Member of the Nebraska Legislature from the 4th district
- In office 2007–2015
- Preceded by: Kermit Brashear
- Succeeded by: Robert Hilkemann

Personal details
- Born: Omaha, Nebraska, U.S.
- Party: Republican
- Relations: Carol McBride Pirsch (mother)
- Alma mater: University of Virginia (BA) University of Nebraska–Lincoln (JD) University of Nebraska Omaha (MBA)
- Occupation: Lawyer

= Pete Pirsch =

American politician

Peter Allen "Pete" Pirsch (born October 28, 1969) is a politician from the state of Nebraska in the Midwestern United States. He was born in Omaha, Nebraska. His mother, Carol McBride Pirsch, was a member of the Nebraska Legislature, representing the 10th district from 1979 to 1997. He is a graduate of the University of Virginia (BA in government), the University of Nebraska College of Law (JD), and the University of Nebraska Omaha (MBA). His professional experience included working as the vice president of PBC, Inc., and as a criminal prosecutor in the city of Omaha.

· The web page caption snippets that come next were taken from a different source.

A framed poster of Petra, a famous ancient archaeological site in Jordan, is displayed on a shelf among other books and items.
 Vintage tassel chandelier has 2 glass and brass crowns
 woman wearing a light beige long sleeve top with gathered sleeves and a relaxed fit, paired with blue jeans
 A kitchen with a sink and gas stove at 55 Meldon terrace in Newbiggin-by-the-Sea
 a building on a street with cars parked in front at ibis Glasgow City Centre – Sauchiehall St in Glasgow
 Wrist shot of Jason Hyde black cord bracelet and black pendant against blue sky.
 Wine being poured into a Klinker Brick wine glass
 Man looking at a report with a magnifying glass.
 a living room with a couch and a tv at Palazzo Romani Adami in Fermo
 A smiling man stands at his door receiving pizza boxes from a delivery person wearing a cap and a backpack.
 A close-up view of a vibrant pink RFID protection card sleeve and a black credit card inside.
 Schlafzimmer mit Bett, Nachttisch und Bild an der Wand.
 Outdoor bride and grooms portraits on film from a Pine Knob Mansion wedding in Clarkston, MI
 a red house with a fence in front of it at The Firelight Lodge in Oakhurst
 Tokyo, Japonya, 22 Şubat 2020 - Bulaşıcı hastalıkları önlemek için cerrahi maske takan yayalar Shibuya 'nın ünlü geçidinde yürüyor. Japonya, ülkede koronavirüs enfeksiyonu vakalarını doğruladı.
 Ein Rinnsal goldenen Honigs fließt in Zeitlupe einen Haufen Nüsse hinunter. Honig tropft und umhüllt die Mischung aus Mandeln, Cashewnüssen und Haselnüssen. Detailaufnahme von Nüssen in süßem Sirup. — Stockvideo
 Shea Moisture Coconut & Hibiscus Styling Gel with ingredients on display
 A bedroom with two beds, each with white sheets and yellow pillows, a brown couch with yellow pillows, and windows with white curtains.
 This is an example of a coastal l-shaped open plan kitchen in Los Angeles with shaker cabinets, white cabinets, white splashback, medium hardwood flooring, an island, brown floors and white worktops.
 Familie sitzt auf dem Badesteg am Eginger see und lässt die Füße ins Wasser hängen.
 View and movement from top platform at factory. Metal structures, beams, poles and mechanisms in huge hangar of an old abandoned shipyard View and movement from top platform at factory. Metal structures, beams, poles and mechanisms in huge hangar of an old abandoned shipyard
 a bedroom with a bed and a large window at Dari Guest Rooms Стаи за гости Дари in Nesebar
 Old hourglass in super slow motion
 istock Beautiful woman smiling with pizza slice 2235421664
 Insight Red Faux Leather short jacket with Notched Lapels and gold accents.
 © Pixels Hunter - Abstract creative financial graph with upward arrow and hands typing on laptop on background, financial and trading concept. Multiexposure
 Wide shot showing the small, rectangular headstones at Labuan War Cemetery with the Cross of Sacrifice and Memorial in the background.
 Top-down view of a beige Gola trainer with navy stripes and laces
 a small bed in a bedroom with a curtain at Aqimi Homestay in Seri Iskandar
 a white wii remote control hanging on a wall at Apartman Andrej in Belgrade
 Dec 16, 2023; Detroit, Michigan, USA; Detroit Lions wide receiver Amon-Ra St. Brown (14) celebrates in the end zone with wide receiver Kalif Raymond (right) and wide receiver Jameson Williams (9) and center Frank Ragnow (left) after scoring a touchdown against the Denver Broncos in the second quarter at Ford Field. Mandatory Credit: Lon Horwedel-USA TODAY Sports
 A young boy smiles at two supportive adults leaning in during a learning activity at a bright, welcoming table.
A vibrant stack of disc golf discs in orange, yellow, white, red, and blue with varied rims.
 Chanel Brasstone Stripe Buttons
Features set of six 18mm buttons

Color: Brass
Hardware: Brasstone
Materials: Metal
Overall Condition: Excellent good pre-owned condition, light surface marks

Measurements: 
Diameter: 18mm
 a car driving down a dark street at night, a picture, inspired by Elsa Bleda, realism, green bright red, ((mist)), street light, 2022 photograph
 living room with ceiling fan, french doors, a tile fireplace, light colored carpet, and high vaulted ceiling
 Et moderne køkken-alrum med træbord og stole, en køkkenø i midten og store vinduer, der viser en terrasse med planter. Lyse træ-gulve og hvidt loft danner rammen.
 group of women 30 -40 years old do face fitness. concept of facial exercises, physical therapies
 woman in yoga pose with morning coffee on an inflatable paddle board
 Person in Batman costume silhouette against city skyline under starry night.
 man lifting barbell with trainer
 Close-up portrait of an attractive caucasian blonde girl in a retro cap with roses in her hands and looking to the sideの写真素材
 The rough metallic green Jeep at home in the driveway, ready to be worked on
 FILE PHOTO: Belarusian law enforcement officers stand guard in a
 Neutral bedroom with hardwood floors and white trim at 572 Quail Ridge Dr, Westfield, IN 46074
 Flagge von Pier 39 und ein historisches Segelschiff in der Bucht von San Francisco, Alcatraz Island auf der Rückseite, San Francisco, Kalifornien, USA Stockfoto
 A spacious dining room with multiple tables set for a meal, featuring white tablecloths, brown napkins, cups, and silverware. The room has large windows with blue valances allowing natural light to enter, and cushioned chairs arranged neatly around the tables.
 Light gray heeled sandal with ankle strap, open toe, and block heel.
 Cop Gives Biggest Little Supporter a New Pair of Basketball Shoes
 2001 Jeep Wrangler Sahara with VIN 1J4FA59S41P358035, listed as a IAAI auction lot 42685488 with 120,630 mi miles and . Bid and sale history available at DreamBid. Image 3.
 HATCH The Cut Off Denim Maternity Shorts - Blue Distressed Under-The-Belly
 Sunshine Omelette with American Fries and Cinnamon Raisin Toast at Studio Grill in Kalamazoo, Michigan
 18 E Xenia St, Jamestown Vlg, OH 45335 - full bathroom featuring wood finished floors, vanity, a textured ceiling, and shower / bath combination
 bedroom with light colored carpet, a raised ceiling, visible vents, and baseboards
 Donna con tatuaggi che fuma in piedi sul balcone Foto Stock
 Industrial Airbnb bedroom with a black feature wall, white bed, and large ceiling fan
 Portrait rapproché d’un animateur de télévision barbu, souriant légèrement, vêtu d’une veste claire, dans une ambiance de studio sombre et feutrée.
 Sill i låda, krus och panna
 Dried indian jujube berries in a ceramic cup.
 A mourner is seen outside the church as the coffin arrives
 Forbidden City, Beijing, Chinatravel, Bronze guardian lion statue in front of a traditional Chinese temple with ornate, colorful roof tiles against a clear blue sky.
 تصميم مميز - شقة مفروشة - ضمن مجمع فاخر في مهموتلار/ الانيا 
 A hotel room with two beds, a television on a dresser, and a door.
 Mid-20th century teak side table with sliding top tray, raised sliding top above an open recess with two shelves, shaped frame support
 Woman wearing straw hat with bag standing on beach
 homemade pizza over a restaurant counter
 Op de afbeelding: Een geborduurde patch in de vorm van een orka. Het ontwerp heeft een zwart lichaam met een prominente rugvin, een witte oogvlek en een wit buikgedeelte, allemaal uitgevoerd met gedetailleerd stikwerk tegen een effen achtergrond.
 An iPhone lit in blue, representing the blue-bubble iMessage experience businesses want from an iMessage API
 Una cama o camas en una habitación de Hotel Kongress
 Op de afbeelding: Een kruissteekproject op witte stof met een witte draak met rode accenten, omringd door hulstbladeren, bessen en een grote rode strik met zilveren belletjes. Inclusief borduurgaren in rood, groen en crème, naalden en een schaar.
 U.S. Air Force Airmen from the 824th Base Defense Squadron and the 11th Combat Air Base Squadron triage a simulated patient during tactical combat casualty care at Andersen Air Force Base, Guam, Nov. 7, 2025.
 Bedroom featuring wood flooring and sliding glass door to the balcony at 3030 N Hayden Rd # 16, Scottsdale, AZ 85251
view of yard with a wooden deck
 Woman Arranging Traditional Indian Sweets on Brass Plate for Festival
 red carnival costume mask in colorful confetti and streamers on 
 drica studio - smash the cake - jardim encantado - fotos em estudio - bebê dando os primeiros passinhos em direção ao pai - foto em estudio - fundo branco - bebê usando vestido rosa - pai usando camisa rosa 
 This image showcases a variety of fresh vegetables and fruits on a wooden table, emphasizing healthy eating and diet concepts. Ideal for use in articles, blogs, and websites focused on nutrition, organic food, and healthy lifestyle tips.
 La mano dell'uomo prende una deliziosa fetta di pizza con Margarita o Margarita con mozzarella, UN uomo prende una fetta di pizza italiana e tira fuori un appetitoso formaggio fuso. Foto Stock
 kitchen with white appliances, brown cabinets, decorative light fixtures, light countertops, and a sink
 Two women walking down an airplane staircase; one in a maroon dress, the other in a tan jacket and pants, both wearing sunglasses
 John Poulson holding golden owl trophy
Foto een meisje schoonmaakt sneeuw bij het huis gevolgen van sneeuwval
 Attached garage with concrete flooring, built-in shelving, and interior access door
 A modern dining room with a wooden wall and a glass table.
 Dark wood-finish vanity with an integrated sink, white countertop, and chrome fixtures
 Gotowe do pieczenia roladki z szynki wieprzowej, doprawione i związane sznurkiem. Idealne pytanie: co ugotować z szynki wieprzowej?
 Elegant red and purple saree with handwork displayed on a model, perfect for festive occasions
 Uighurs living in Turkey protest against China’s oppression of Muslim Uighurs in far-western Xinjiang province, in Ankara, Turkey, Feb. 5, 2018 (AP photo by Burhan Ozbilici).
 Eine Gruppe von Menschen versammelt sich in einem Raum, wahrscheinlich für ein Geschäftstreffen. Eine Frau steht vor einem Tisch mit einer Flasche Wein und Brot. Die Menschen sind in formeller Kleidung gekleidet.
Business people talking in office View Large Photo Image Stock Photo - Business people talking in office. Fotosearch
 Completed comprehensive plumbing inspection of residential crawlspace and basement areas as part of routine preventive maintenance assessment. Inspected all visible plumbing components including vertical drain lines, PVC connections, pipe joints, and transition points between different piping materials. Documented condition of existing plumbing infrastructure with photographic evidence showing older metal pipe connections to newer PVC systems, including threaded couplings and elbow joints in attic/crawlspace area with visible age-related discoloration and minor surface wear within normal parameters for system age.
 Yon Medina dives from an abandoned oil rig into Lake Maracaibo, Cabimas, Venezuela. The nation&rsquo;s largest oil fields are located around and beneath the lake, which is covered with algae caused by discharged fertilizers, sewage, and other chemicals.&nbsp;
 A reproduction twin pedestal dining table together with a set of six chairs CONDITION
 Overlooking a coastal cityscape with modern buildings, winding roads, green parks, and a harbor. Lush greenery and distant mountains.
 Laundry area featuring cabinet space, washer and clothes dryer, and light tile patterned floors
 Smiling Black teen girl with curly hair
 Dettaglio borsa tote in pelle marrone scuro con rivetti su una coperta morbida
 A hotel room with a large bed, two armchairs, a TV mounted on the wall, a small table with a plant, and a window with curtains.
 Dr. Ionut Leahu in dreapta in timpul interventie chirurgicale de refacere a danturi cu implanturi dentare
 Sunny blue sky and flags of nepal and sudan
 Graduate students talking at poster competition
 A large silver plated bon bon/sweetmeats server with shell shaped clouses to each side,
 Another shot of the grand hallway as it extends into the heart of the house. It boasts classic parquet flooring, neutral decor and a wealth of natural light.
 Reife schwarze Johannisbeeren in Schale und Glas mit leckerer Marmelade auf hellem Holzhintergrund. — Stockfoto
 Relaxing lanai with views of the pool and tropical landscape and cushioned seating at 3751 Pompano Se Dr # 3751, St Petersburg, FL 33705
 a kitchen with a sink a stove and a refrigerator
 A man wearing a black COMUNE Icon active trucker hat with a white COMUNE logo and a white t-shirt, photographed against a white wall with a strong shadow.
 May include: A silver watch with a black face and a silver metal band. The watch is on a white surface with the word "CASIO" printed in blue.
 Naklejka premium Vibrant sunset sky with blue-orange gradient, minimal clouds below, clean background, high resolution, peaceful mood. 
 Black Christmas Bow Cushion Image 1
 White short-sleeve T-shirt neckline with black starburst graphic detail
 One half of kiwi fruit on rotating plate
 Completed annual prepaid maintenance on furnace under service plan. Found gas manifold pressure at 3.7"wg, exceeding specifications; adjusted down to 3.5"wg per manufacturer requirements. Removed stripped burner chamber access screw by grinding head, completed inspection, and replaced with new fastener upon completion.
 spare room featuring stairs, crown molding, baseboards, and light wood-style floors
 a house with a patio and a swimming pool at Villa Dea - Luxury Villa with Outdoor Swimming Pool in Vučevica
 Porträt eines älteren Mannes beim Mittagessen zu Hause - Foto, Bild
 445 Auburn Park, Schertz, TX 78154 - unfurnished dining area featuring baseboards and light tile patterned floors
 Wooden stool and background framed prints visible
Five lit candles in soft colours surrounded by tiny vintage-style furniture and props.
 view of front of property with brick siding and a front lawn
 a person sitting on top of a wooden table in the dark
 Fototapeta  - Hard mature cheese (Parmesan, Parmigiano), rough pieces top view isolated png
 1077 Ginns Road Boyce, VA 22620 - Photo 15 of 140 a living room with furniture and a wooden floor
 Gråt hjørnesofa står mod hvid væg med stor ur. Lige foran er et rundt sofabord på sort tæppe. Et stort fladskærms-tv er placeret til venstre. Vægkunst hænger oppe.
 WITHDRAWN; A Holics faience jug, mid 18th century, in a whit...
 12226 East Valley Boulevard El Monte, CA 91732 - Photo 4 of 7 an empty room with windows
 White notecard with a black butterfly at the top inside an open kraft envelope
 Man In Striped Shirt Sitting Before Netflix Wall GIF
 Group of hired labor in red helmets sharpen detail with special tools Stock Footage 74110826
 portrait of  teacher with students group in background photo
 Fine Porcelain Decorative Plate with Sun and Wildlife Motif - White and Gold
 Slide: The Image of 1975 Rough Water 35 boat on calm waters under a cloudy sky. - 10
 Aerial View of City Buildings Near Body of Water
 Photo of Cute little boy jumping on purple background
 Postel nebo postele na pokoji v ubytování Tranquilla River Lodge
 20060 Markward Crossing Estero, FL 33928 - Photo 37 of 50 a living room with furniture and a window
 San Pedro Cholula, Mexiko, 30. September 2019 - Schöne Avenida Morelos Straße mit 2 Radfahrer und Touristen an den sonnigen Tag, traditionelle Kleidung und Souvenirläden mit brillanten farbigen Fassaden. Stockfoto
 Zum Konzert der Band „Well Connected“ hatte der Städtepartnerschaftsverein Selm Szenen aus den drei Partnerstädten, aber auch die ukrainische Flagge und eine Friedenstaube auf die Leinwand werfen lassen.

In a contested primary in 2006, he finished first among four candidates in his initial race for the Nebraska Legislature. He then served two terms in the nonpartisan legislature, representing Nebraska's 4th legislative district, which includes West Omaha. He sat on the Banking, Commerce and Insurance committee and the Revenue committee.

Nebraska's term-limits law precluded Pirsch from running for re-election in 2014. In October 2013, he announced that he would run for Nebraska State Auditor, but after Nebraska Attorney General Jon Bruning announced that he was running for governor, Pirsch decided to run instead for Nebraska Attorney General in the 2014 election. However, he lost in the primaries to Doug Peterson. He is currently serving as a Deputy Sarpy County attorney.